EXERCISE INPUT START

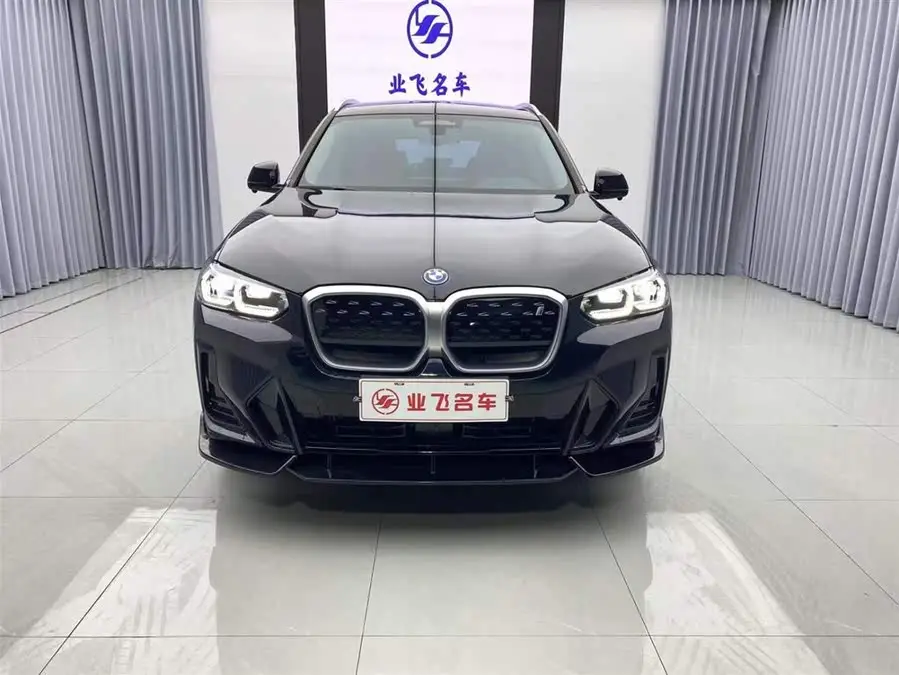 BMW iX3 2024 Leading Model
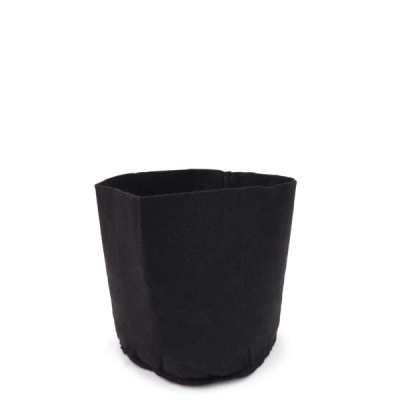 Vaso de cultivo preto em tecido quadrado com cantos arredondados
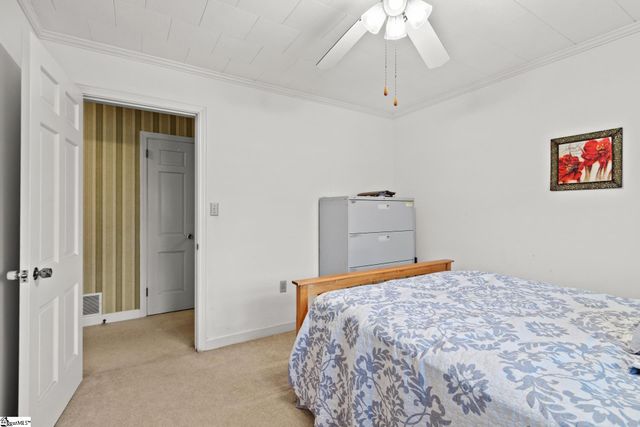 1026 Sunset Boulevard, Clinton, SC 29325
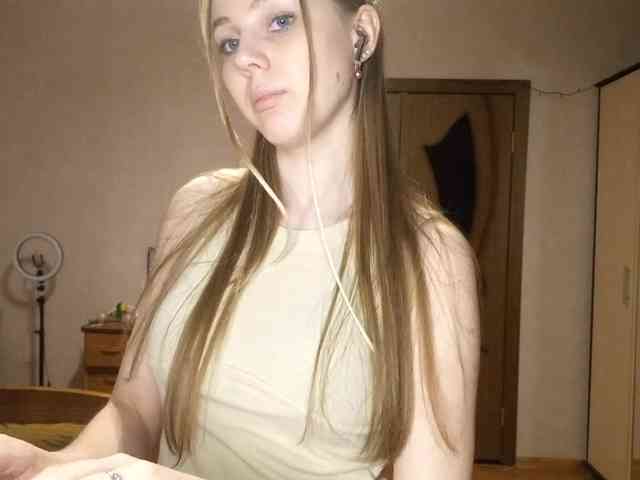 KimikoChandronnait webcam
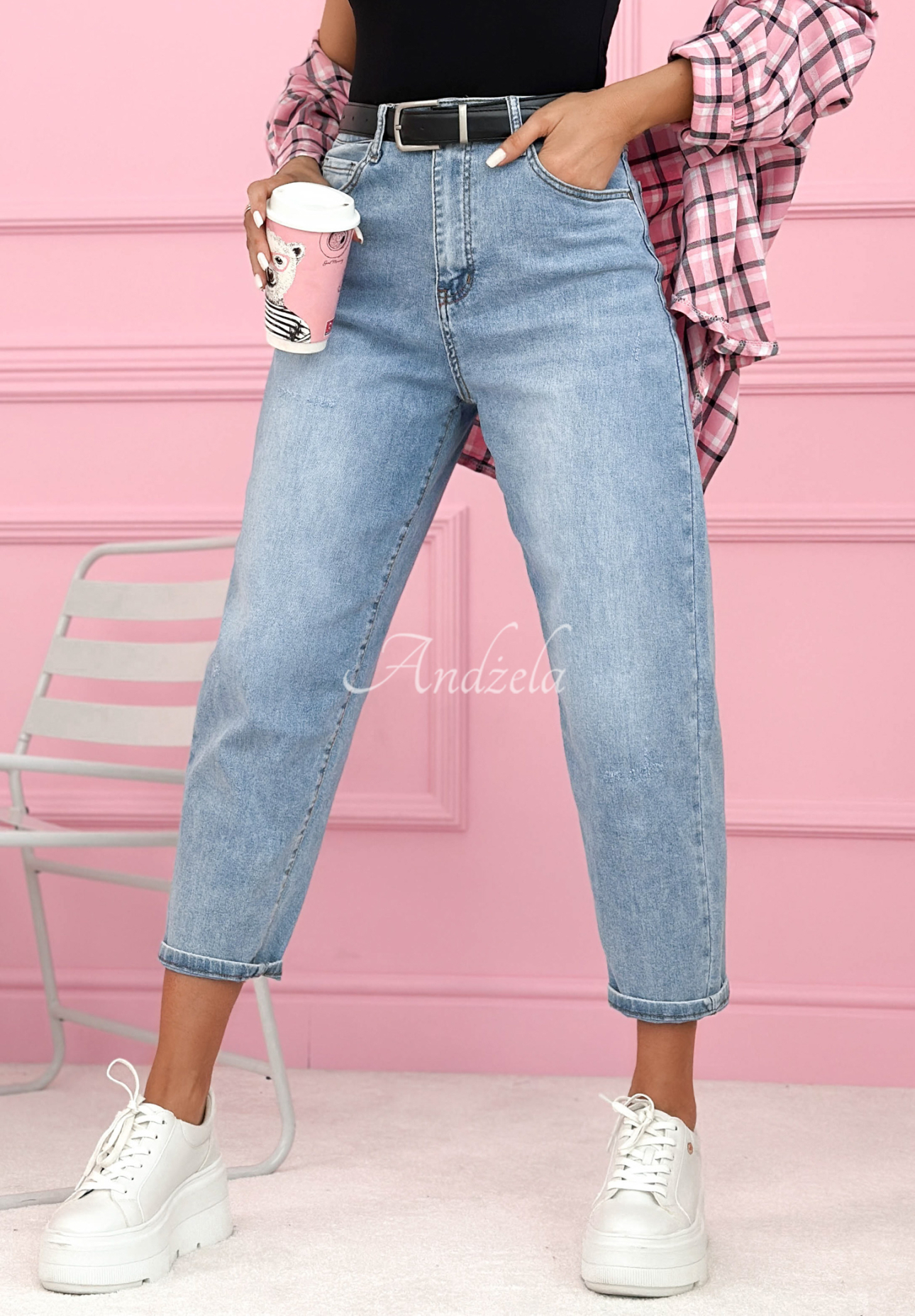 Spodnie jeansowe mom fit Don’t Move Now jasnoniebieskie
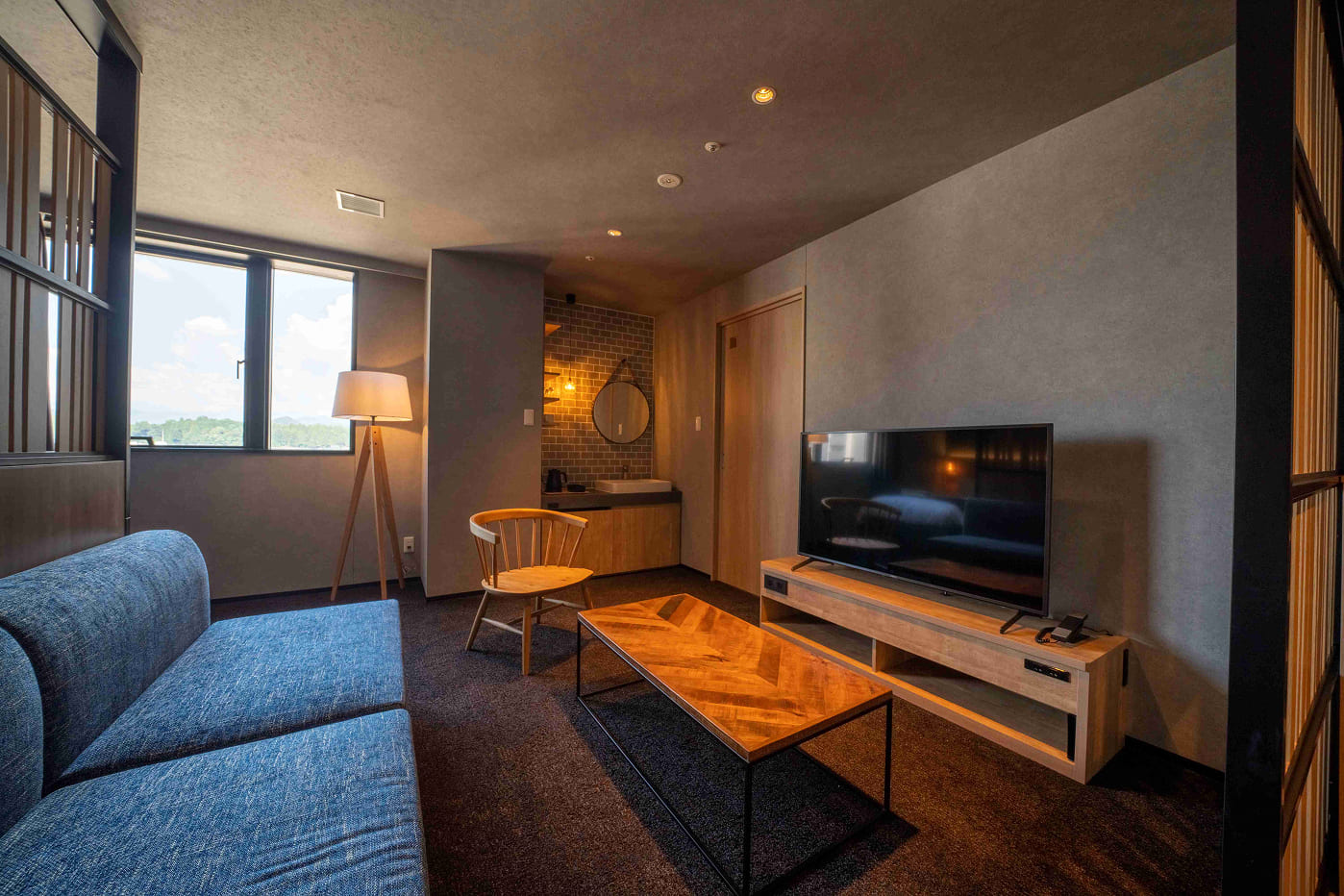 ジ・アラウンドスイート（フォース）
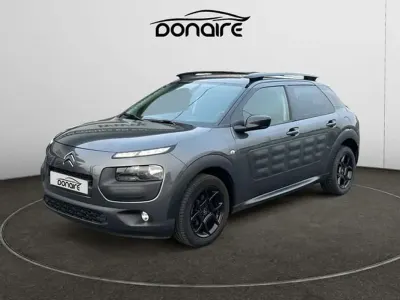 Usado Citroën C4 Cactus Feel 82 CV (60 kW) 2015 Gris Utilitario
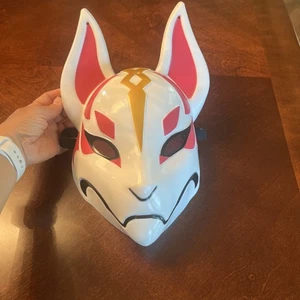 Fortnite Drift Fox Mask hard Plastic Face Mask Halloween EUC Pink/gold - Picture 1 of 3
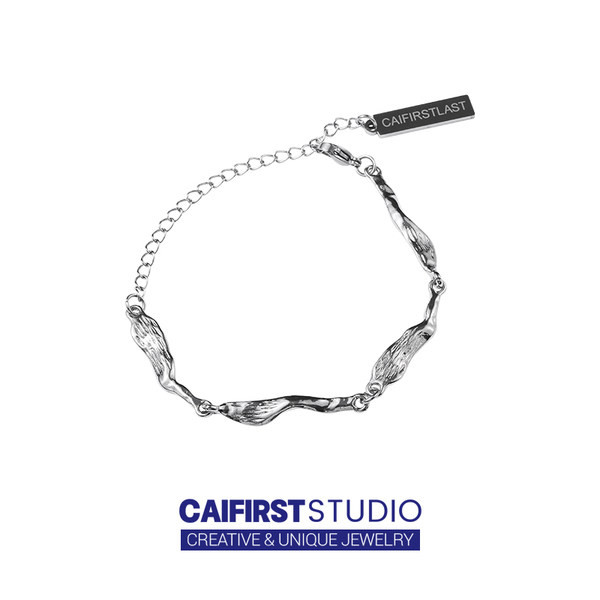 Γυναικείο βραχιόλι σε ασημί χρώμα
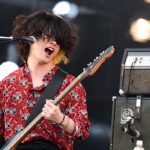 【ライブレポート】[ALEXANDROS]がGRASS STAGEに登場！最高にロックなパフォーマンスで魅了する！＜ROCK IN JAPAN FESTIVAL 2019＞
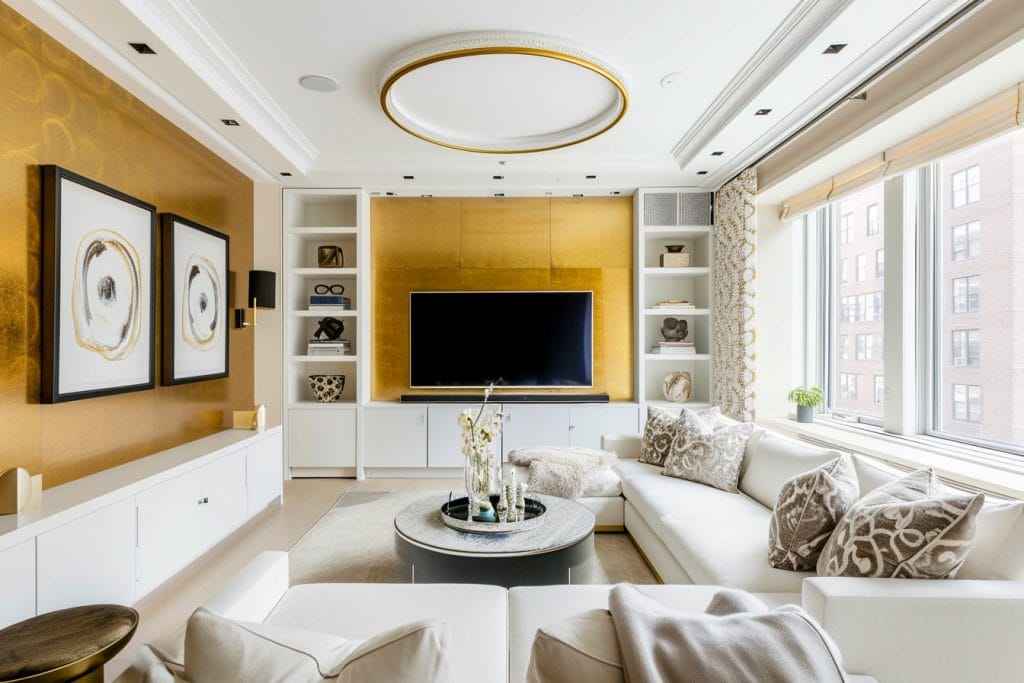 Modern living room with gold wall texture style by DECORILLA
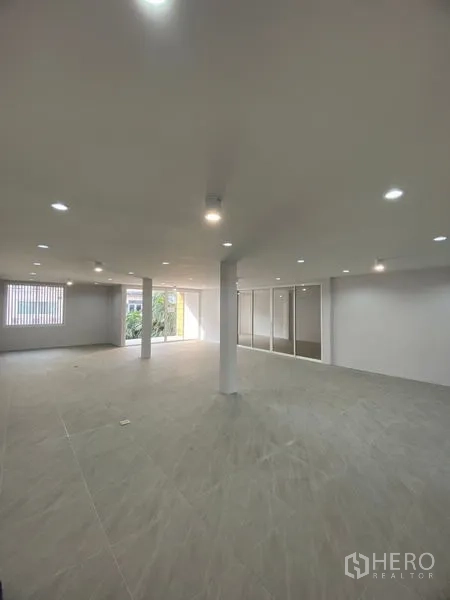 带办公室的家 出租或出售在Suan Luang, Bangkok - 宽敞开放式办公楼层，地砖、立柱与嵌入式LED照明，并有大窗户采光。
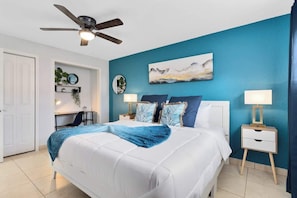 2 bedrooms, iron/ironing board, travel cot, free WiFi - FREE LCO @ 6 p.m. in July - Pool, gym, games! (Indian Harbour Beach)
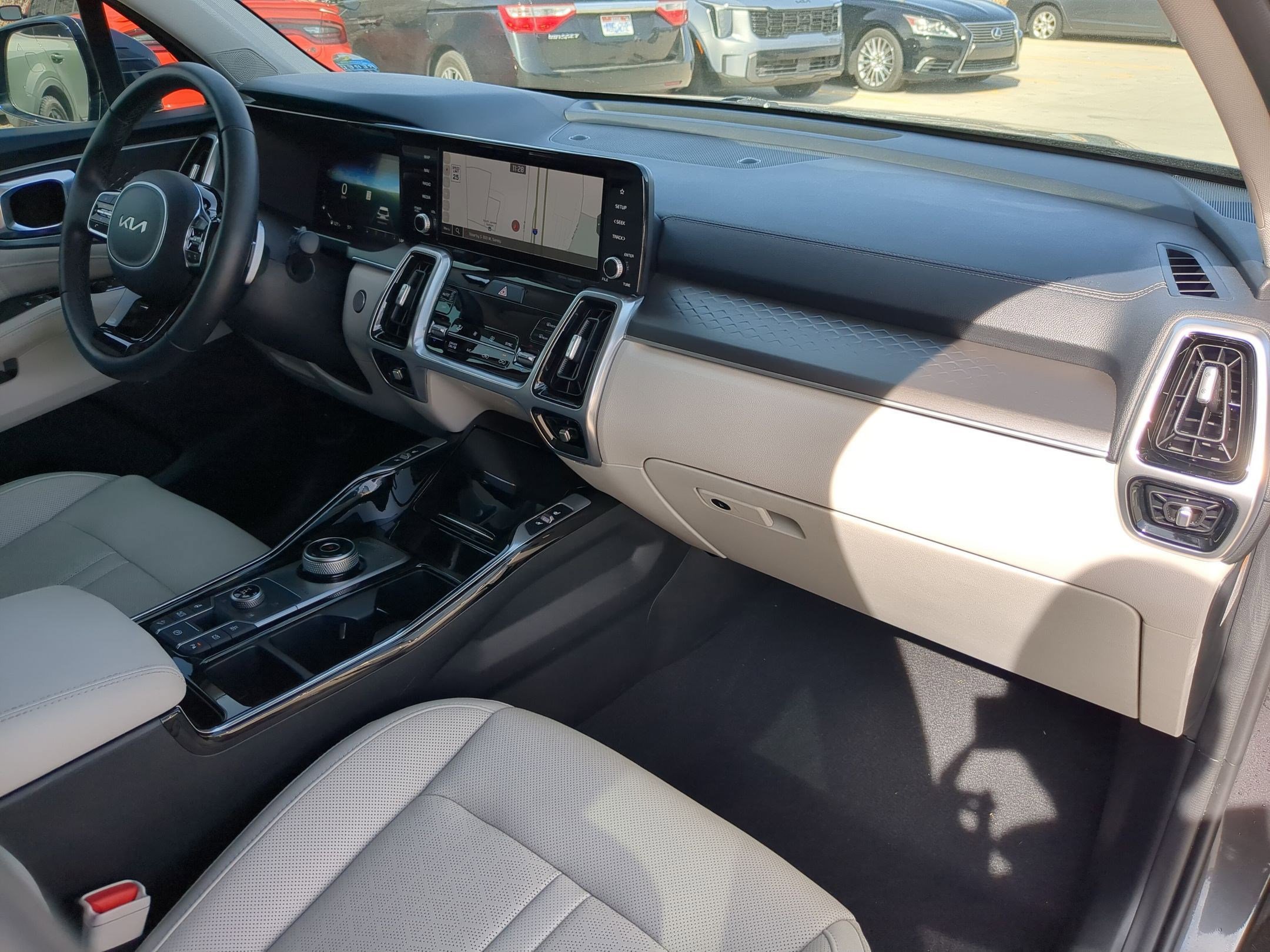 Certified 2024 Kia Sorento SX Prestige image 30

EXERCISE INPUT END

EXERCISE:
When you reach the line containing "Spodnie jeansowe mom" in the entries above, begin restating word for word, and stop once the line containing "带办公室的家 出租或出售在Suan Luang, Bangkok" has been given. Omit the pictures.

ANSWER BELOW:
 Spodnie jeansowe mom fit Don’t Move Now jasnoniebieskie
 ジ・アラウンドスイート（フォース）
 Usado Citroën C4 Cactus Feel 82 CV (60 kW) 2015 Gris Utilitario
 Fortnite Drift Fox Mask hard Plastic Face Mask Halloween EUC Pink/gold - Picture 1 of 3
 Γυναικείο βραχιόλι σε ασημί χρώμα
 【ライブレポート】[ALEXANDROS]がGRASS STAGEに登場！最高にロックなパフォーマンスで魅了する！＜ROCK IN JAPAN FESTIVAL 2019＞
 Modern living room with gold wall texture style by DECORILLA
 带办公室的家 出租或出售在Suan Luang, Bangkok - 宽敞开放式办公楼层，地砖、立柱与嵌入式LED照明，并有大窗户采光。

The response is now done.